[Start of section]

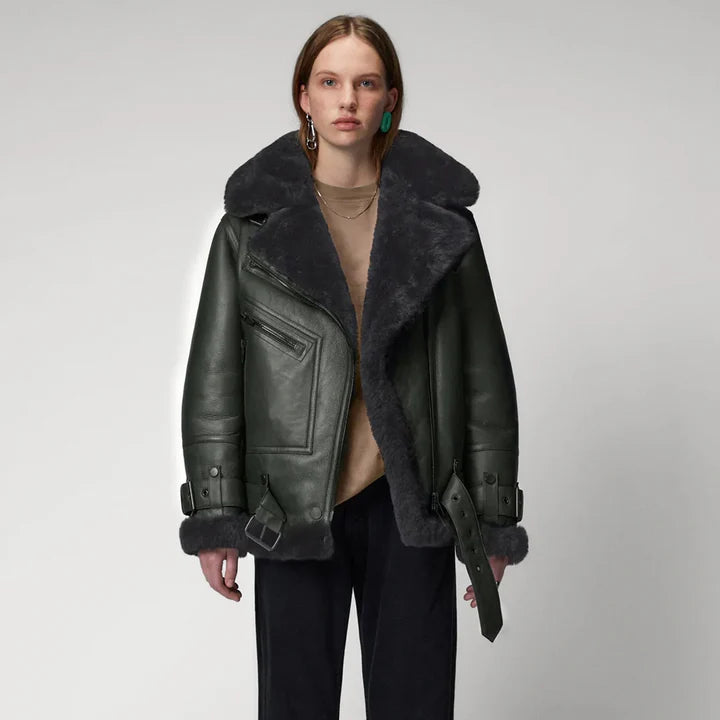 Green RAF Black Shearling Leather Jacket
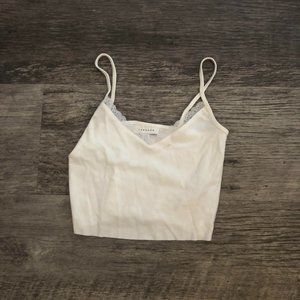 Lace trim white tank top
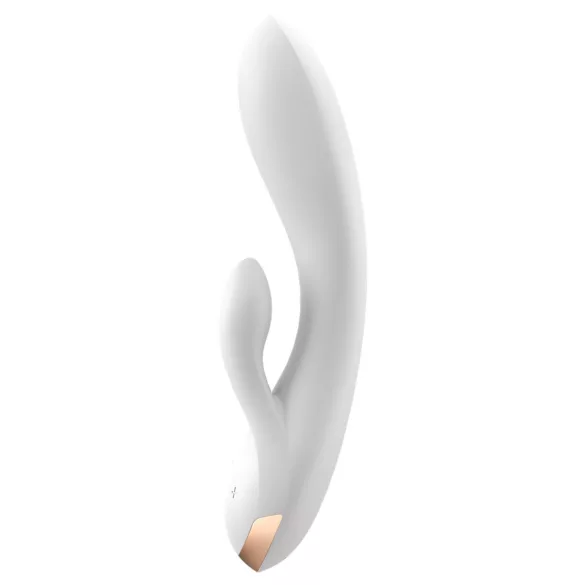 Satisfyer Double Flex - lietotnē vadāms vibrators ar klitora kājiņu (balts)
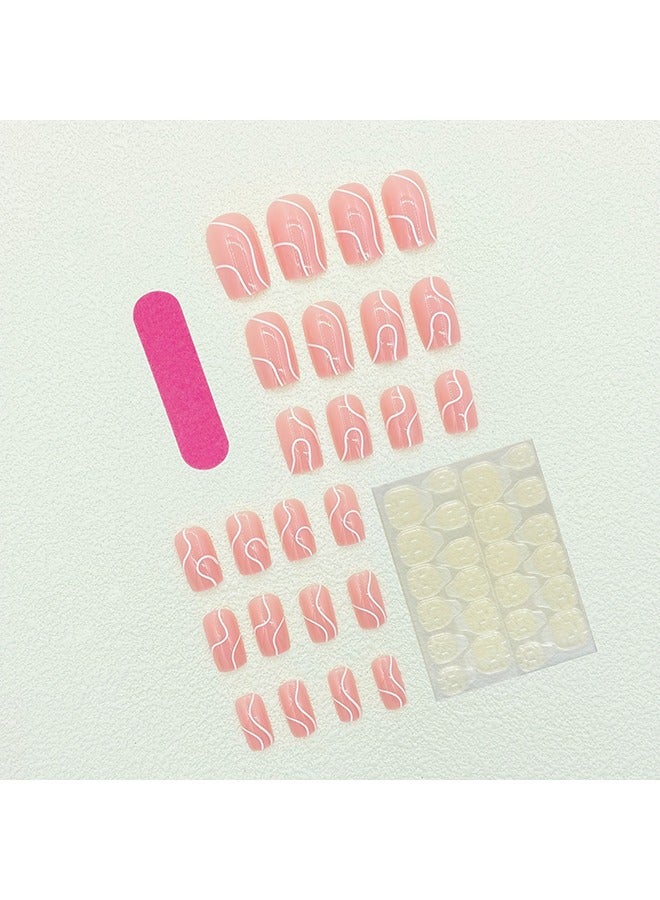 24pcs Pink Press On Nails, Medium Square Fake Nails With French White Stripe Design, Glossy Full Cover False Nails For Women And Girls - Image 3
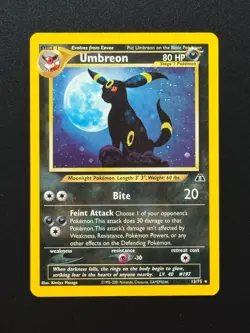 Pokemon TCG Umbreon Neo Discovery Holo Card 13/75 Unlimited Rare 2001 13/75 - Image 1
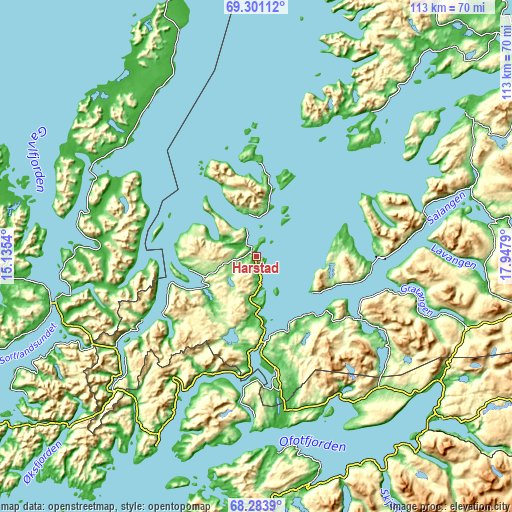 Topographic map of Harstad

[End of section]

Task prompt =>
Pick up at the line that holds "Pokemon TCG Umbreon" and restate each line, word for word, through the last line of the entries. Include both end lines but none of the pictures.

Response below =>
 Pokemon TCG Umbreon Neo Discovery Holo Card 13/75 Unlimited Rare 2001 13/75 - Image 1
 Topographic map of Harstad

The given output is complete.